11 (1) If there is a requirement under law for the signature of a person, that requirement is satisfied by an electronic signature.
(2) Subsection (1) does not apply to a signature for a record prescribed, or within a class prescribed, under section 21 (2) (d) unless the proof described in section 21 (2) (d) is present.
12 If information or a record may be provided in electronic form, a requirement under law for one or more copies of the information or record to be provided to a single addressee at the same time is satisfied by providing a single version in electronic form.
13 In the absence of an express provision in an enactment that electronic means may not be used or that electronic means must be used in specified ways, the government may use electronic means to create, store, transfer, distribute, publish or otherwise deal with records or information.
14 (1) A payment that is authorized or required under law to be made to the government may be made in electronic form in a manner specified by the Minister of Finance and Corporate Relations.
(2) A payment that is authorized or required to be made by the government may be made in electronic form in a manner specified by the Minister of Finance and Corporate Relations.

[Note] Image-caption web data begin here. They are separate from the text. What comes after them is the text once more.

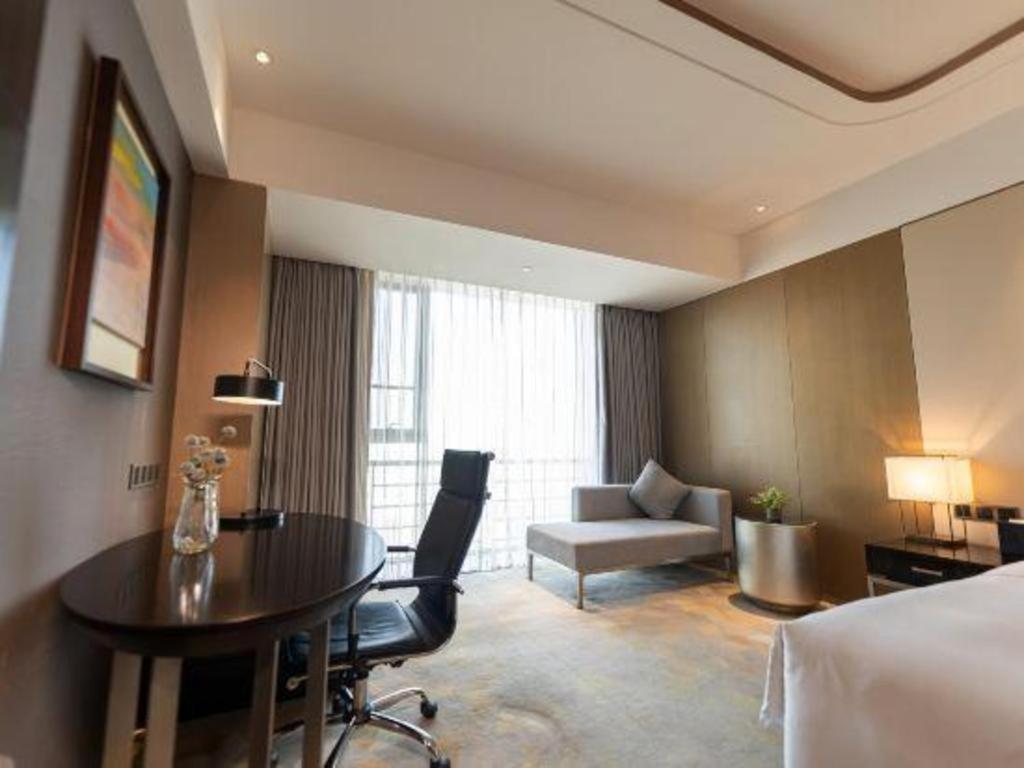 The Qube Hotel Jingzhou Extérieur photo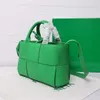 Mini Arco Tote Çanta Moda Tasarımcısı Kadın Çantası Kadın Omuz çantası Çanta Çanta Orijinal Kutusu Hakiki Deri çapraz vücut zinciri yüksek dereceli kalite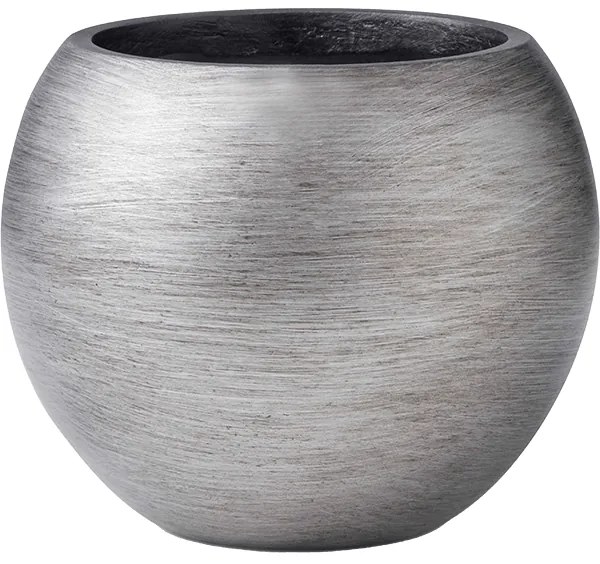 Capi Nature Retro Vase Ball Silver17x14 cm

Part 3 — Electronic Communication of Information and Records
15 (1) Unless the parties agree otherwise, an offer or the acceptance of an offer, or any other matter that is material to the formation or operation of a contract, may be expressed
(a) by means of information or a record in electronic form, or
(b) by an activity in electronic form, including touching or clicking on an appropriately designated icon or place on a computer screen or otherwise communicating electronically in a manner that is intended to express the offer, acceptance or other matter.

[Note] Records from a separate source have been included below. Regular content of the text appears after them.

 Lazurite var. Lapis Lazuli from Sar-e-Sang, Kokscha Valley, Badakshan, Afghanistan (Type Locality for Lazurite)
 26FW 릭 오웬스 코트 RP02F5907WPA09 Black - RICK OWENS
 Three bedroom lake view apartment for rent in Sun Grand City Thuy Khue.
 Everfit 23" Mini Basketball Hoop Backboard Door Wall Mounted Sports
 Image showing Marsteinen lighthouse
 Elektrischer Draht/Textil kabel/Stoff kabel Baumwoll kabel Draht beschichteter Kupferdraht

(2) A contract is not invalid or unenforceable solely by reason that information or a record in electronic form was used in its formation.
16 A contract may be formed by the interaction of an electronic agent and an individual or by the interaction of electronic agents.
17 An electronic record created by an individual with an electronic agent of another person is invalid and unenforceable if the individual made a material error in the record and
(a) the electronic agent did not provide the individual with an opportunity to prevent or correct the error,
(b) the individual notifies the other person of the error as soon as practicable after the individual learns of the error and indicates that he or she made an error respecting the electronic record,
(c) the individual takes reasonable steps, including steps that conform to the other person's instructions, to return the consideration received, if any, as a result of the error or, if instructed to do so, to destroy the consideration, and
(d) the individual has not used or received any material benefit or value from the consideration, if any, received from the other person.
18 (1) Unless the originator and addressee agree otherwise, information or a record in electronic form is sent when it enters an information system outside the control of the originator or, if the originator and the addressee are in the same information system, if the information or record becomes capable of being retrieved and processed by the addressee.
(2) If information or a record is capable of being retrieved and processed by an addressee, the information or record in electronic form is deemed, unless the contrary is proven, to be received by the addressee
(a) when it enters an information system designated or used by the addressee for the purpose of receiving information or records in electronic form of the type sent, or
(b) if the addressee has not designated or does not use an information system for the purpose of receiving information or records in electronic form of the type sent, on the addressee becoming aware of the information or record in the addressee's information system.
(3) Unless the originator and the addressee agree otherwise, information or a record in electronic form is deemed to be sent from the originator's place of business and is deemed to be received at the addressee's place of business.
(4) For the purposes of subsection (3), if the originator or the addressee has more than one place of business, the place of business is that which has the closest relationship to the underlying transaction to which the information or record in electronic form relates or, if there is no underlying transaction, the principal place of business of the originator or the addressee.
(5) For the purposes of subsection (3), if the originator or the addressee does not have a place of business, the references to "place of business" in subsection (3) are to be read as references to "habitual residence".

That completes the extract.